DennisLfromGA commented 9 years ago

Go for it, I like the unique way the Chromebooks update so I'll stick with it.

On Fri, May 8, 2015 at 2:07 AM, tedm notifications@github.com wrote:

@DennisLfromGA https://github.com/DennisLfromGA

True, but it's no different than any other PC if you have physical access.

Right. But the big selling point of Chromebooks has been the inherent security for the masses. Especially when used in Guest mode. So with Microsoft now giving away starter windows, the chromebook needs every advantage, and if toggling to dev mode and back, doesn't retain the OOB security model, then that selling point is compromised.

So while power washing will remove user data, enabling root in dev mode, and embracing a small market of native linux/alt. os users, could risk a chromebook being compromised when toggled out of dev mode.

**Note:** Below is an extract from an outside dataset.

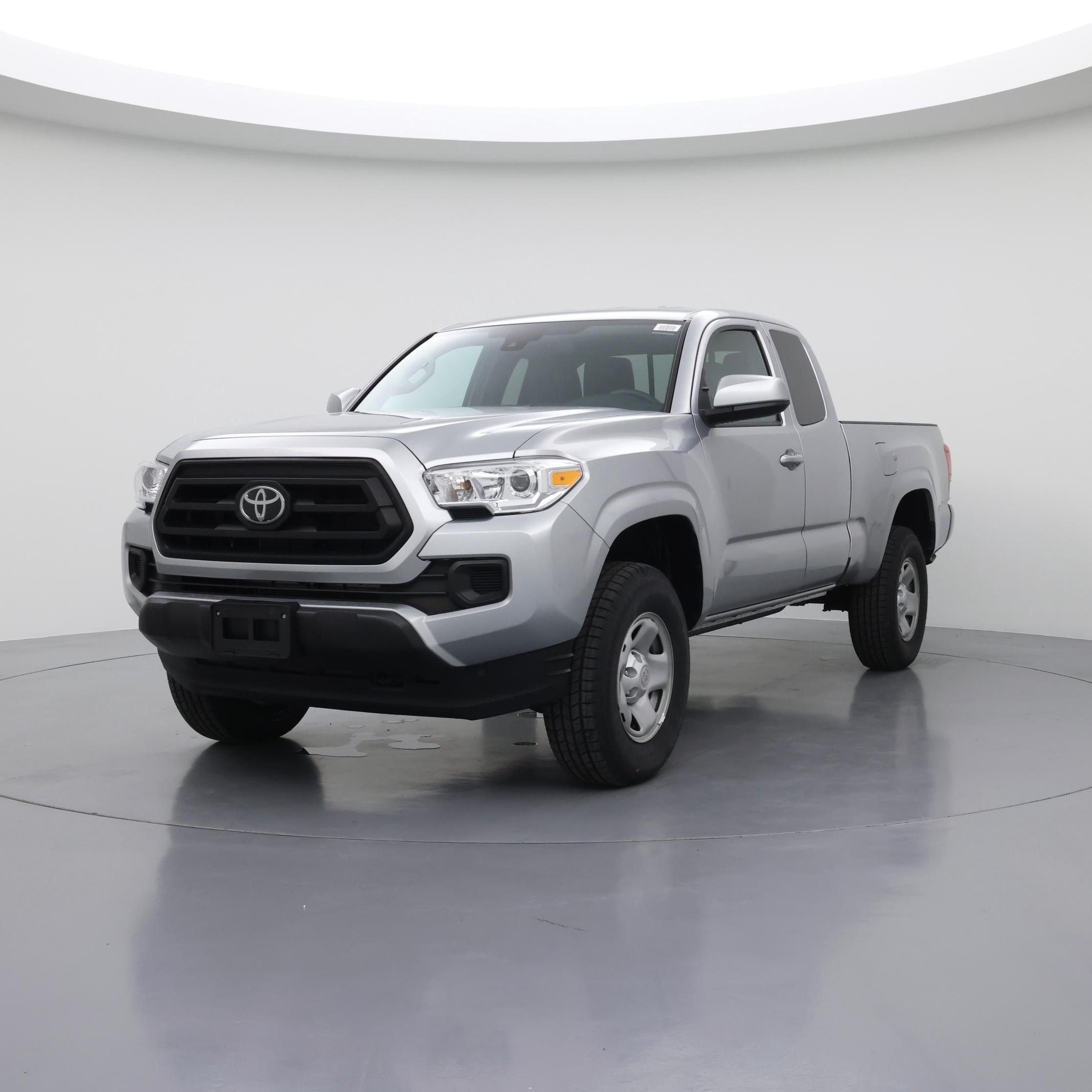 Thumbnail: 2022 Toyota Tacoma - 4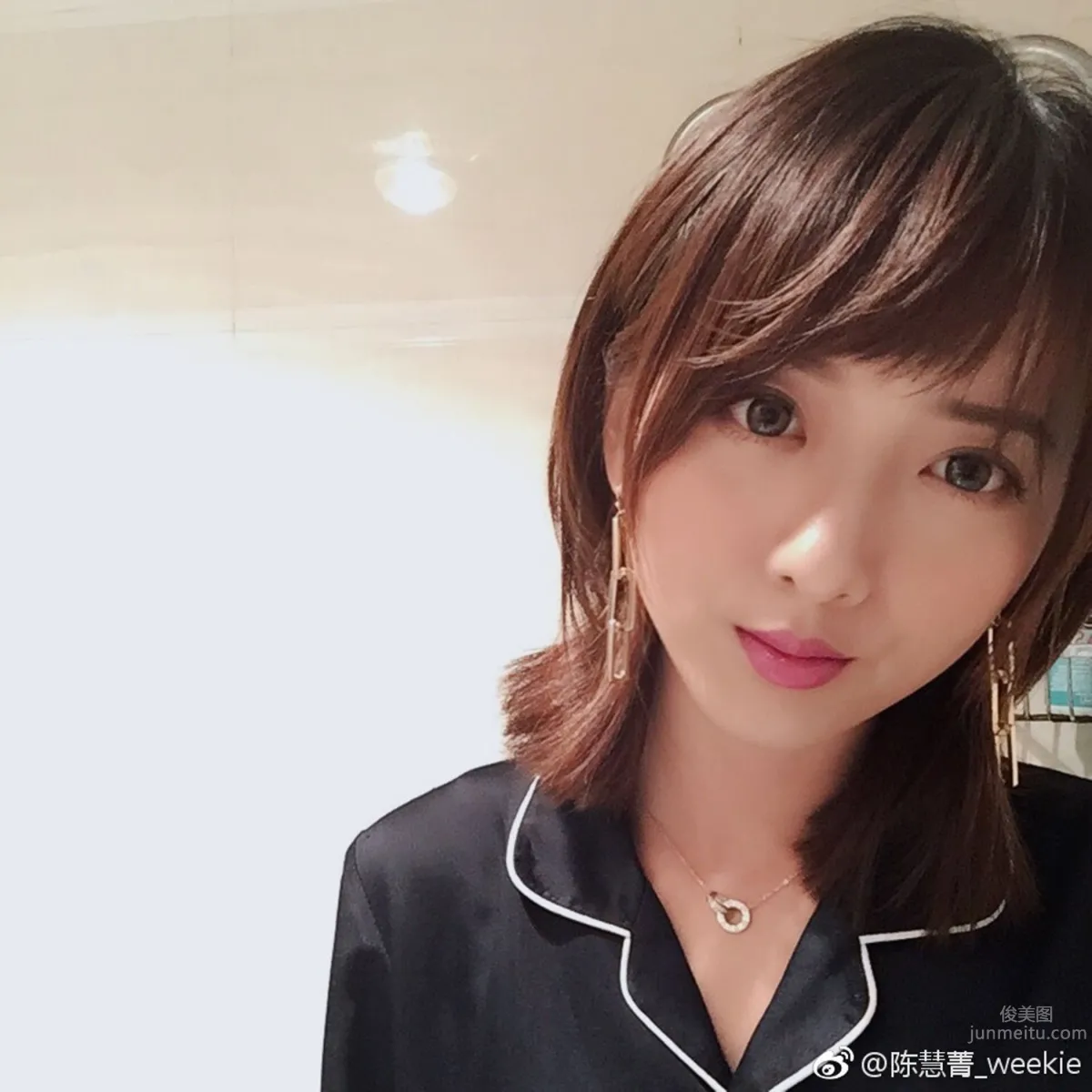 陈慧菁Weekie- 2017CJ盛大SG_14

No one has been able to sell linux only machines profitably yet because they can't make money on them. When you put an OS on it that is tied to apps or services related to ads, then you can justify low or negative margins. This is why almost all of our real computers are built from parts from Newegg, and the hardware on the real computers is not crippled by marketing and political hardware/software limitations.

I think my next Chromebook will be one with Seabios, and using The Angry Walrus or whoever's ChromeOS distro because I like the idea of not automatically updating and temporarily being bricked by accidentally running out of power or hitting the space bar.